La crise de l’école vient questionner les méthodes d’apprentissage
Face à la crise de l’école française, les neurosciences sont mobilisées par le ministre de l’Education nationale. En observant le fonctionnement du cerveau, celles-ci donneraient des clés pour promouvoir des méthodes d’apprentissage plus efficaces.
Qu’il s’agisse de la lecture ou des mathématiques, le niveau des élèves ne cesse de baisser. D’après l’étude Pirls 2016, le score moyen des 9-10 ans pour la lecture se situe à la 34e place, soit dans le peloton de queue du classement européen, juste avant la Belgique francophone et Malte. Un score qui se dégrade sans discontinuer depuis 2001. L’école française est en outre considérée comme l’une des plus inégalitaires d’Europe : ainsi, 48% de ces décrocheurs sont des enfants d’ouvriers. En bref, les bons élèves s’en sortent tandis que les plus en difficulté ne sont pas « rattrapés » par l’école.
Création d’un conseil scientifique de l’éducation nationale
Parallèlement, les progrès accomplis ces dernières années par les neurosciences nous permettent de mieux comprendre le fonctionnement du cerveau : quels mécanismes encouragent la curiosité, facilitent l’apprentissage, boostent la mémoire ? Pour le ministre de l’Education nationale, Jean-Michel Blanquer, cette discipline révolutionnaire doit permettre de réformer les méthodes d’apprentissage. C’est la raison pour laquelle il a créé en janvier 2018 un conseil scientifique de l’éducation nationale, composé en majorité de neuroscientifiques, afin que leurs découvertes irriguent progressivement l’école.
Le cerveau est l’angle mort de l’éducation nationale.
L’intérêt porté au cerveau de l’enfant apprenant n’est pas nouveau. Déjà, au XXe siècle, des pédagogues comme Maria Montessori en Italie ou Célestin Freinet en France s’y sont intéressés. Plus loin encore, Platon ou Rousseau réfléchissaient au processus d’apprentissage. « Traiter de la façon d’élever et d’éduquer les enfants semble être la chose la plus importante et la plus difficile de toute la science humaine », écrivait Montaigne dans ses Essais en 1580. Mais jusqu’ici on manquait de moyens pour observer le cerveau. On s’en tenait à l’observation de cerveaux conservés dans du formol, ou à l’électro-encéphalogramme dont les ondes demeuraient peu claires car elles étaient enregistrées sur le crâne et pas directement sur le cerveau.

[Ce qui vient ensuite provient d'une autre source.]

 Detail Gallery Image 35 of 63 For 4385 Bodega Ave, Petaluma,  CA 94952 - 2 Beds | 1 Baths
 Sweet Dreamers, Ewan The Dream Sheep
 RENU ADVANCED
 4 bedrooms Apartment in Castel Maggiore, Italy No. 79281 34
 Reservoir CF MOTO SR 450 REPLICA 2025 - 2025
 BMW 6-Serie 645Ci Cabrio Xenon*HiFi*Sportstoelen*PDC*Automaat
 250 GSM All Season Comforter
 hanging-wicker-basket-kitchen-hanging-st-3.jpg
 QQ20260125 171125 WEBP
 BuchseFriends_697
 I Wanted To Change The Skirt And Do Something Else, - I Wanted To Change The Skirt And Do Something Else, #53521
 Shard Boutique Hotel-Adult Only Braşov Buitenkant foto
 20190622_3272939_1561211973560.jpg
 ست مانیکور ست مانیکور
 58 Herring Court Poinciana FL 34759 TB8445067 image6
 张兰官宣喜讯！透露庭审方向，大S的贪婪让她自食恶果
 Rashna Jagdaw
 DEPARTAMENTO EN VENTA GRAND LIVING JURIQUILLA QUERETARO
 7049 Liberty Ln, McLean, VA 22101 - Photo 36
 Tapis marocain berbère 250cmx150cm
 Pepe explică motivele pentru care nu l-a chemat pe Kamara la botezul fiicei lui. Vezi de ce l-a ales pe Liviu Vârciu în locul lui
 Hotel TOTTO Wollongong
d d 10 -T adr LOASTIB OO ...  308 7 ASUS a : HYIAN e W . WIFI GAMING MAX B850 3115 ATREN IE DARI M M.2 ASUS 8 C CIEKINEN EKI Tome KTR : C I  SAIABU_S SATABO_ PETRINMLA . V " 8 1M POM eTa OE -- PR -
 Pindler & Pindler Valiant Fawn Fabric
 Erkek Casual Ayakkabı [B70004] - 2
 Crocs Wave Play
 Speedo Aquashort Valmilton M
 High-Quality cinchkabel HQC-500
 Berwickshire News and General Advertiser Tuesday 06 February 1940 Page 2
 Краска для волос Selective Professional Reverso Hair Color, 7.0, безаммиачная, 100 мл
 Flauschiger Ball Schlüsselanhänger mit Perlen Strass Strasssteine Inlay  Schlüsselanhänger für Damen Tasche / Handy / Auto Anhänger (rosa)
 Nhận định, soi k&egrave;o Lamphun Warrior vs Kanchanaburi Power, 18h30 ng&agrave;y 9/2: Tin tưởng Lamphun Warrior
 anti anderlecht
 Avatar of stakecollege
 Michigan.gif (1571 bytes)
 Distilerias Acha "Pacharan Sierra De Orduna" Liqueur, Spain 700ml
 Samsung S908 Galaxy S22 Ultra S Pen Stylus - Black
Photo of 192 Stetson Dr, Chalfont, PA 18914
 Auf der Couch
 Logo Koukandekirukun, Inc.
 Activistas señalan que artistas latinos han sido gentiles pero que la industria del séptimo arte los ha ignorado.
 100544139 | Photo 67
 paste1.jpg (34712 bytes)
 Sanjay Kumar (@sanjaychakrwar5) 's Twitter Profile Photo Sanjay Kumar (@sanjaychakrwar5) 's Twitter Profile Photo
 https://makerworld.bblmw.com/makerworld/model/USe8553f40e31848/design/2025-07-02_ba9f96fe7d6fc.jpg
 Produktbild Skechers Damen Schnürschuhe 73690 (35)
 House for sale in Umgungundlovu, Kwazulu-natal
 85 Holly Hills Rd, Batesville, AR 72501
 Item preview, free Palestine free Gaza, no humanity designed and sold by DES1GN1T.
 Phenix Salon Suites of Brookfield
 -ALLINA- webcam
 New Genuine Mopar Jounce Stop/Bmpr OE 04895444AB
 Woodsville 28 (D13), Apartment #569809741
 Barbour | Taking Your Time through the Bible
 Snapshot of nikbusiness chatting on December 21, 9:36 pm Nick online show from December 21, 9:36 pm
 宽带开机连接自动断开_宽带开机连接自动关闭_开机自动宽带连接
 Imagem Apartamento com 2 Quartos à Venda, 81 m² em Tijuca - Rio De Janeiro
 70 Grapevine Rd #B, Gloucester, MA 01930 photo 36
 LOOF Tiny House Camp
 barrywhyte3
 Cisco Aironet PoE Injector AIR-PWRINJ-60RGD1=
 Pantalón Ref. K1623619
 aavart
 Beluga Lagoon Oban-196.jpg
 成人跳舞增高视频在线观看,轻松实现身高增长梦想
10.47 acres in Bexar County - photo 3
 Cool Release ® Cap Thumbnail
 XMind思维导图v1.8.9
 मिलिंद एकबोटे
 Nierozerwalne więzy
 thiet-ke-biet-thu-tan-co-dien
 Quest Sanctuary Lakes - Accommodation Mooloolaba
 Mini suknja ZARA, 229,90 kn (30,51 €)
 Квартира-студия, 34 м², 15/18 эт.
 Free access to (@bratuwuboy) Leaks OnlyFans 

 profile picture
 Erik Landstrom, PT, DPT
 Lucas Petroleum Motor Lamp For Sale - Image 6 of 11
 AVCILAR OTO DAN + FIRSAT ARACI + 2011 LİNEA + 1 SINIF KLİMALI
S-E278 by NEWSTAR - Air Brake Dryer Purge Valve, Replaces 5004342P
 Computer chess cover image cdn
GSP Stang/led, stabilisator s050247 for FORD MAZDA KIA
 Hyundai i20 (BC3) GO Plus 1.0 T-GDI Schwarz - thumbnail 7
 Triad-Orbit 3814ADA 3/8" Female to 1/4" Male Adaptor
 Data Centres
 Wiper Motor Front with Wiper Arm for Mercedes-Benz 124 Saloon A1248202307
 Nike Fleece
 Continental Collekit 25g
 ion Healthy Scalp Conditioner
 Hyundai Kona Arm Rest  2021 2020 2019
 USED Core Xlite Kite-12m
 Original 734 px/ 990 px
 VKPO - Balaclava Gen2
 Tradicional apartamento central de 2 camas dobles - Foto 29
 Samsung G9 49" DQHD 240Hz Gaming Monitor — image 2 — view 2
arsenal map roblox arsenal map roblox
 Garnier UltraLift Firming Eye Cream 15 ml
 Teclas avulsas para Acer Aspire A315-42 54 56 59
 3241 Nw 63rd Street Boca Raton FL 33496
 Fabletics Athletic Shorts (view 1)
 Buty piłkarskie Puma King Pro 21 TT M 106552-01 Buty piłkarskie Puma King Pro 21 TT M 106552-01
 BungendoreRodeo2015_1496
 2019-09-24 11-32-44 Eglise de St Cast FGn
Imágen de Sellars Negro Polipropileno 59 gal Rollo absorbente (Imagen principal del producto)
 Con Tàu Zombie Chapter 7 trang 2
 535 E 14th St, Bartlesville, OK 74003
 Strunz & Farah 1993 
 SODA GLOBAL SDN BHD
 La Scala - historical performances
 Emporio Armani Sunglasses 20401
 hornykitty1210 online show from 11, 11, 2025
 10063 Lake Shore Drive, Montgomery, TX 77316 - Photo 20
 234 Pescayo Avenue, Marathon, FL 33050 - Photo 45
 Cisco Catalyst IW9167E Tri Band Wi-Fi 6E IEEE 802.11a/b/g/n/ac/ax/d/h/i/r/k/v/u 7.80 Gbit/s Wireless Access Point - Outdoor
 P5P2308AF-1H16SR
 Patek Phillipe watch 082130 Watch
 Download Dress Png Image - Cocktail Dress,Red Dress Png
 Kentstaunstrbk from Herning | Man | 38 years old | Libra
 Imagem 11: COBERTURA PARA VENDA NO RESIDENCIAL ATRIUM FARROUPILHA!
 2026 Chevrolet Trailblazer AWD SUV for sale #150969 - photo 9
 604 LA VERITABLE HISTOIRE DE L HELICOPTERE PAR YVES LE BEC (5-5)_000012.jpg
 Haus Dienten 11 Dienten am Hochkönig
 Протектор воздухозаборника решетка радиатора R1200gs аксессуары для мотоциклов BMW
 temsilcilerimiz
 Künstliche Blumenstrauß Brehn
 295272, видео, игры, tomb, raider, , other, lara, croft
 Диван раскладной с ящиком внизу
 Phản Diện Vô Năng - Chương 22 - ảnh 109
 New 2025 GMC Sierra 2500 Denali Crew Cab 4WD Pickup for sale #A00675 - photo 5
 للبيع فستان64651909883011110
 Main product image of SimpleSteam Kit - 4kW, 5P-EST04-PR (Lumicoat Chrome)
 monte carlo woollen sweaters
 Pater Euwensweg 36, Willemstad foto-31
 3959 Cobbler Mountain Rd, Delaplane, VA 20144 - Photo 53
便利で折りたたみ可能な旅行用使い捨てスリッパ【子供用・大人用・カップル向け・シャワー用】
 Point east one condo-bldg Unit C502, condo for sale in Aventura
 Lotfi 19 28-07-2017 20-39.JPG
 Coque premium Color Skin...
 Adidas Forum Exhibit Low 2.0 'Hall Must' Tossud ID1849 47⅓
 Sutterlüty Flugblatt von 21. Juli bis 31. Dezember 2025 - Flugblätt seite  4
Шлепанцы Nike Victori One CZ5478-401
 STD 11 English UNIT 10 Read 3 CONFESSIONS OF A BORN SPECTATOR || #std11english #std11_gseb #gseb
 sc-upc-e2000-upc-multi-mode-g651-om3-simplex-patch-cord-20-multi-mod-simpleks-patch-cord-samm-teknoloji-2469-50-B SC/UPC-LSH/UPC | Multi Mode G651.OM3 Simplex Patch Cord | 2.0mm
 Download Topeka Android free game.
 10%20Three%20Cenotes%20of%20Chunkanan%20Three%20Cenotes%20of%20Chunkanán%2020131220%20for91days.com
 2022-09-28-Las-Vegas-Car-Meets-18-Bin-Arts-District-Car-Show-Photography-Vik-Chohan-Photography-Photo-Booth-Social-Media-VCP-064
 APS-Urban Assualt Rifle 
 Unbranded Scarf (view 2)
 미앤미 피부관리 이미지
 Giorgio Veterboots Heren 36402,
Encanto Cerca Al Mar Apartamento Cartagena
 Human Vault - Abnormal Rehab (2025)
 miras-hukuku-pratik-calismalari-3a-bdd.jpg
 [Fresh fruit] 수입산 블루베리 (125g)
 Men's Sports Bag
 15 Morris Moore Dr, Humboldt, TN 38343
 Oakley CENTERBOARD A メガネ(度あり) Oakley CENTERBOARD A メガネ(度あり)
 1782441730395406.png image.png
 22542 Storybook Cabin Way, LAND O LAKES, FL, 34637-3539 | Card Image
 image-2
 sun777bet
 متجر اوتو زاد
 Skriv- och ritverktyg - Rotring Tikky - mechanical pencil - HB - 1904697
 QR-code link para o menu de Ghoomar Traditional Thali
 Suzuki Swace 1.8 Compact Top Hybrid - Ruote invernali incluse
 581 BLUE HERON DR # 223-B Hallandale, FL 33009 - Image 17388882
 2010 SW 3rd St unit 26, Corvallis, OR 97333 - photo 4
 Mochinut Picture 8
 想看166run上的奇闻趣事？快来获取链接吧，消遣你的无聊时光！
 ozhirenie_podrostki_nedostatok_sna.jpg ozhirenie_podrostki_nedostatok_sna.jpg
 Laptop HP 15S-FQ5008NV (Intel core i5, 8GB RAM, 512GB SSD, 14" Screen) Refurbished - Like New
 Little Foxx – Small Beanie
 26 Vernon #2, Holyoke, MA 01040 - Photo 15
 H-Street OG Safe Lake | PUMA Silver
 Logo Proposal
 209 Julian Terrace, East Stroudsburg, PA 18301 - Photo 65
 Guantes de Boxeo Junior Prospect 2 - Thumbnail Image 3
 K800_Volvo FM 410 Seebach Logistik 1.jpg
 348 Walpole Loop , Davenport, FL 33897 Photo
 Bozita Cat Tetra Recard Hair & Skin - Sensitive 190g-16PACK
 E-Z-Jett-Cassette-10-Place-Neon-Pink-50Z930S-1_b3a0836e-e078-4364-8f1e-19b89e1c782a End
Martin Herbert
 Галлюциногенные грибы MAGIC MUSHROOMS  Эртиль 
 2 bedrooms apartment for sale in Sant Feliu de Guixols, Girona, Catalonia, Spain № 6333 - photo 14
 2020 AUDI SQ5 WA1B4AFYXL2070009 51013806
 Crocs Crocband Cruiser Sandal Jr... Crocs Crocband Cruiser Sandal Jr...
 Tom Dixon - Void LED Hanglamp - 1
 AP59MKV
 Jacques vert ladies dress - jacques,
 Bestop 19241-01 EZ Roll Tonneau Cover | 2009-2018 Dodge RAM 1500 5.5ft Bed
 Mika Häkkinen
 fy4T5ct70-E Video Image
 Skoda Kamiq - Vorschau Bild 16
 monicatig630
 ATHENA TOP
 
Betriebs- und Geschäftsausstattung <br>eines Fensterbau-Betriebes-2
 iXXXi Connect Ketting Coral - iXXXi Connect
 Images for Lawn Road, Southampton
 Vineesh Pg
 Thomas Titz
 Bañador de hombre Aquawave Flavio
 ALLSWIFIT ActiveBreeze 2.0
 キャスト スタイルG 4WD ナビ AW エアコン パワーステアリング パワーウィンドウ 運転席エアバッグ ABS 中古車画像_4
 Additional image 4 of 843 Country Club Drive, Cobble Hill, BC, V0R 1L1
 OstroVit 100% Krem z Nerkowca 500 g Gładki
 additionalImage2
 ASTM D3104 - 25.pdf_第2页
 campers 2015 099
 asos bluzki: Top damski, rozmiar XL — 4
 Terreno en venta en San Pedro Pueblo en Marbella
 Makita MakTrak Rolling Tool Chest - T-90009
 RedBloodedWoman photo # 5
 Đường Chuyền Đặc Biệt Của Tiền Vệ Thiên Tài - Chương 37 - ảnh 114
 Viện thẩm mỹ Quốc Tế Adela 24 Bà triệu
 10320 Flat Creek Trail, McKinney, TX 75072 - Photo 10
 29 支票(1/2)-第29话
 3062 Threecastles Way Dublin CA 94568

L’arrivée de l’imagerie cérébrale par IRM (imagerie par résonnance magnétique), qui permet d’observer sur des images numériques la structure et l’activité du cerveau d’une personne vivante, « est l’une des plus importantes révolutions scientifiques survenues au tournant des XXe et XXIe siècles », affirme Olivier Houdé, professeur de psychologie à l’université Paris Descartes et auteur de L’école du cerveau (2018). « Or ce cerveau est l’angle mort de l’éducation nationale. On enseigne encore aujourd’hui “en aveugle” à des millions de cerveaux », regrette-il, plaidant pour une « neuro-pédagogie » pratiquée par des professeurs qui connaissent les lois du cerveau des jeunes élèves et soient donc capables d’adapter leurs méthodes d’apprentissage.
Des principes fondamentaux à respecter pour être plus efficace
Que nous apprennent les neurosciences ? Notamment que les bébés ne viennent pas au monde comme des pages vierges, mais avec un riche savoir. « Leurs circuits neuronaux sont bien organisés, ce qui leur confère des intuitions fortes dans toutes sortes de domaines : objets, personnes, temps, espace, nombre… », explique ainsi Stanislas Dehaene, titulaire de la chaire de psychologie cognitive expérimentale au Collège de France et auteur de Apprendre ! (septembre 2018). Appuyons-nous sur les intuitions précoces des enfants : chaque mot, symbole, même abstrait, doit venir se connecter à des connaissances préalables », préconise-t-il. Quatre piliers, qui maximisent la vitesse de l’apprentissage, sont également identifiés par ces sciences : l’attention, l’engagement actif (ou curiosité), le retour sur erreur, la consolidation. Le rôle clé du sommeil est également prouvé : il ne peut être considéré comme « une simple période d’inactivité ou de nettoyage des déchets que le cerveau a accumulés pendant la journée. Pendant que nous dormons, notre cerveau se remémore les événements importants qu’il a enregistrés la veille et les transfère progressivement à un compartiment de notre mémoire », explique Stanislas Dehaene. De même, l’observation du cerveau confirme l’importance du geste d’écriture pour apprendre à lire, ou encore condamne la méthode globale pour lui préférer un apprentissage syllabique des mots, plus adapté aux mécanismes de décodage du cerveau.